About this exercise –
Below, find the line containing "Solar wildverjager set" and the line containing "Devexperts Launches Its"; reproduce exactly those two and every line between them, omitting pictures.

Input records –
***
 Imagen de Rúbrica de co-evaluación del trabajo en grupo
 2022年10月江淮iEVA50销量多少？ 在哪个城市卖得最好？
***
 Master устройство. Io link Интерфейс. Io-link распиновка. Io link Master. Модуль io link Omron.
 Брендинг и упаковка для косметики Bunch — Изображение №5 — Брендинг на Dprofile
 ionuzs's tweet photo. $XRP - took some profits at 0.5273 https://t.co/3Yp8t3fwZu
***
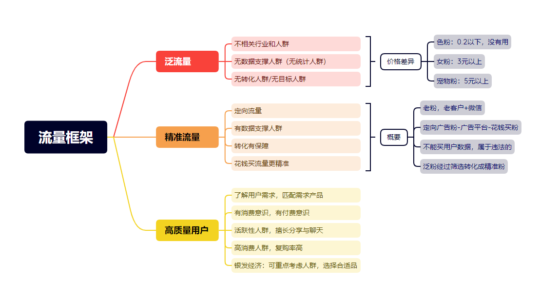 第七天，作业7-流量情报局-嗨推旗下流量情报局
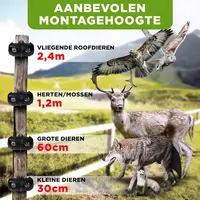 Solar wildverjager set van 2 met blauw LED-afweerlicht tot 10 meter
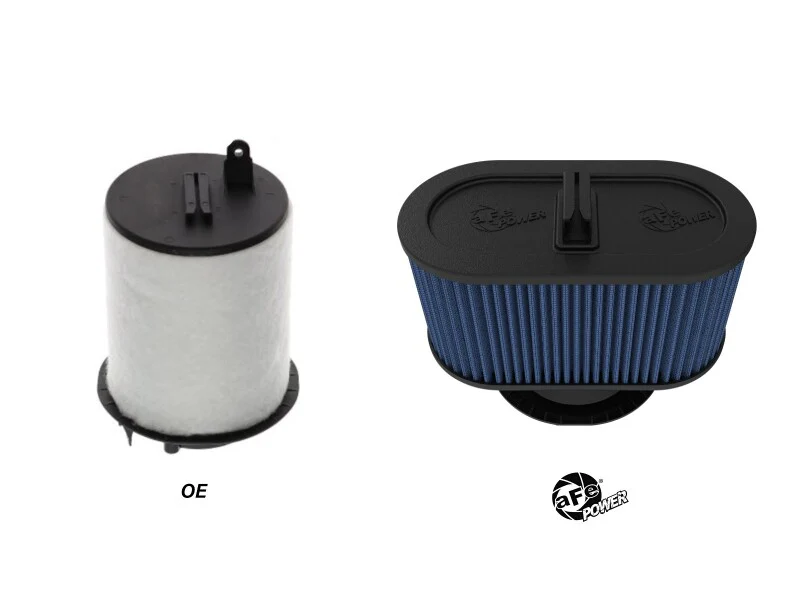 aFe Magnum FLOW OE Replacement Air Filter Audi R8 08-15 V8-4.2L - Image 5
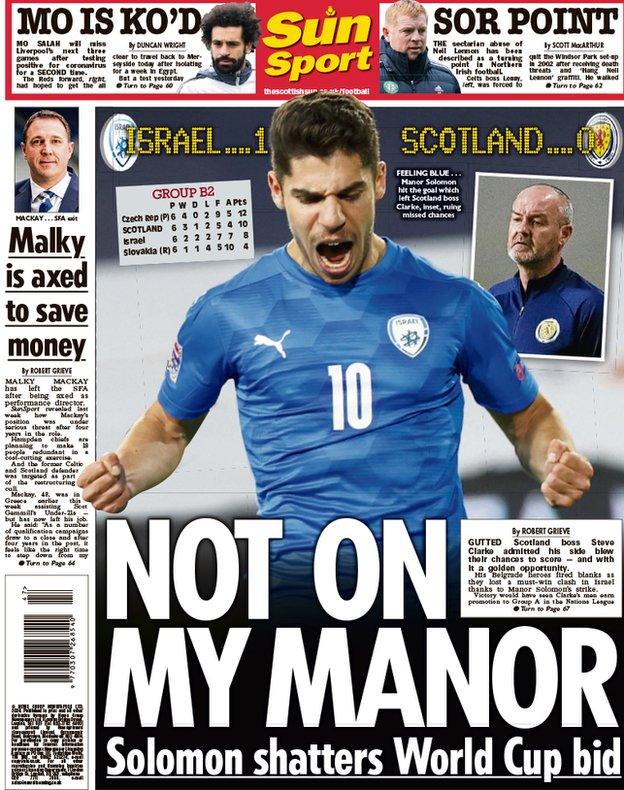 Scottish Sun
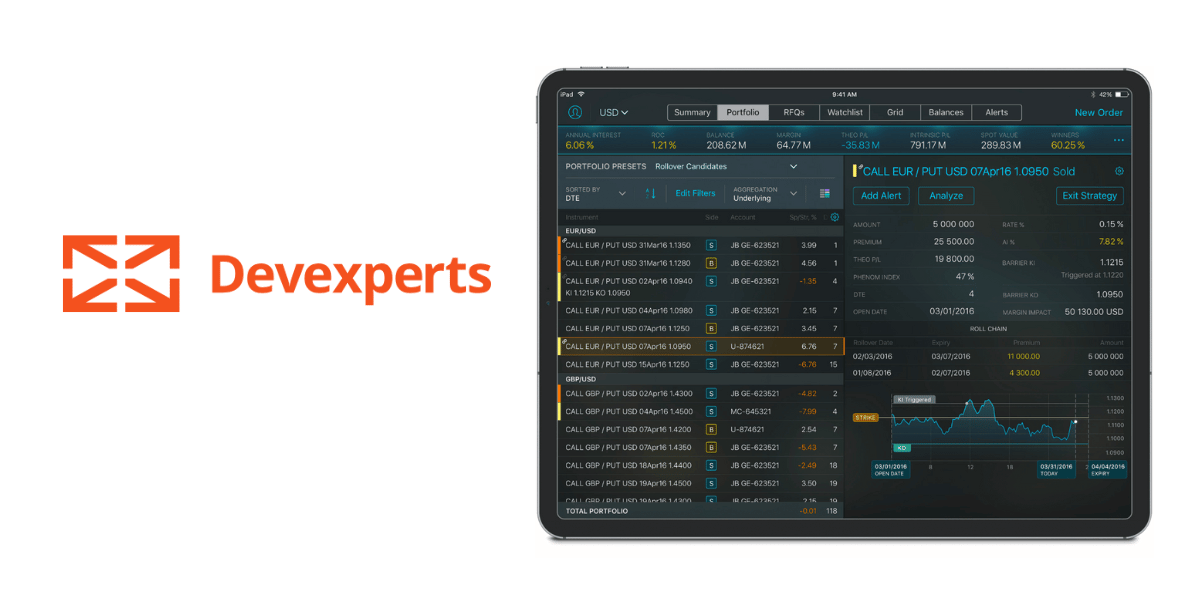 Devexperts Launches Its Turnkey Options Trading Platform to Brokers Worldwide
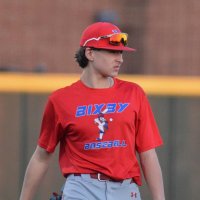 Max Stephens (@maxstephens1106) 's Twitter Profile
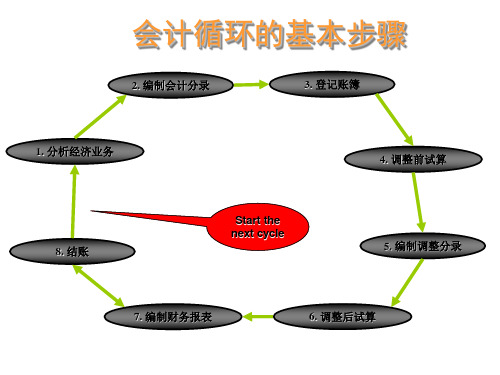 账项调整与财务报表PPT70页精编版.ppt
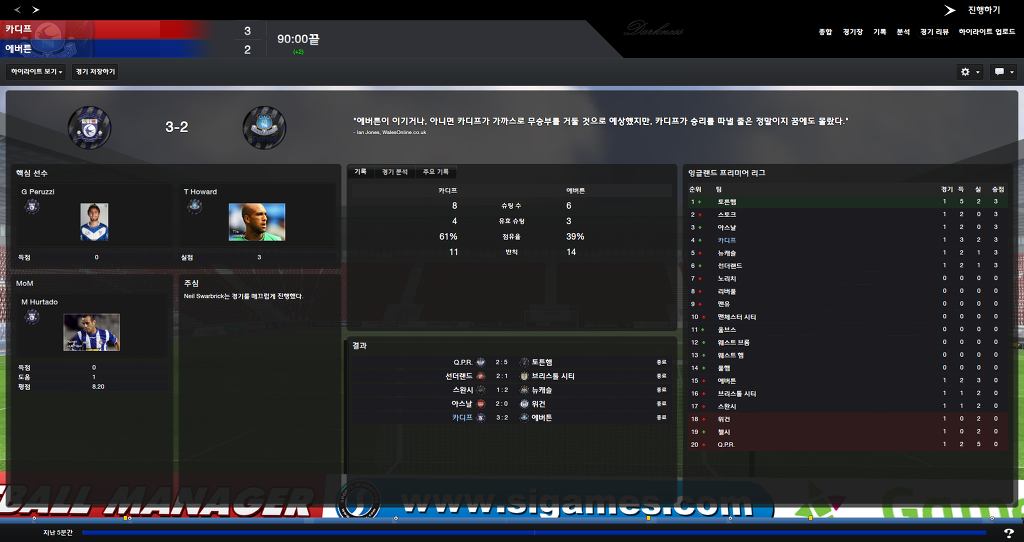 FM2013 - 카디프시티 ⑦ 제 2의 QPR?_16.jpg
***
Task output –
 Solar wildverjager set van 2 met blauw LED-afweerlicht tot 10 meter
 aFe Magnum FLOW OE Replacement Air Filter Audi R8 08-15 V8-4.2L - Image 5
 Scottish Sun
 Devexperts Launches Its Turnkey Options Trading Platform to Brokers Worldwide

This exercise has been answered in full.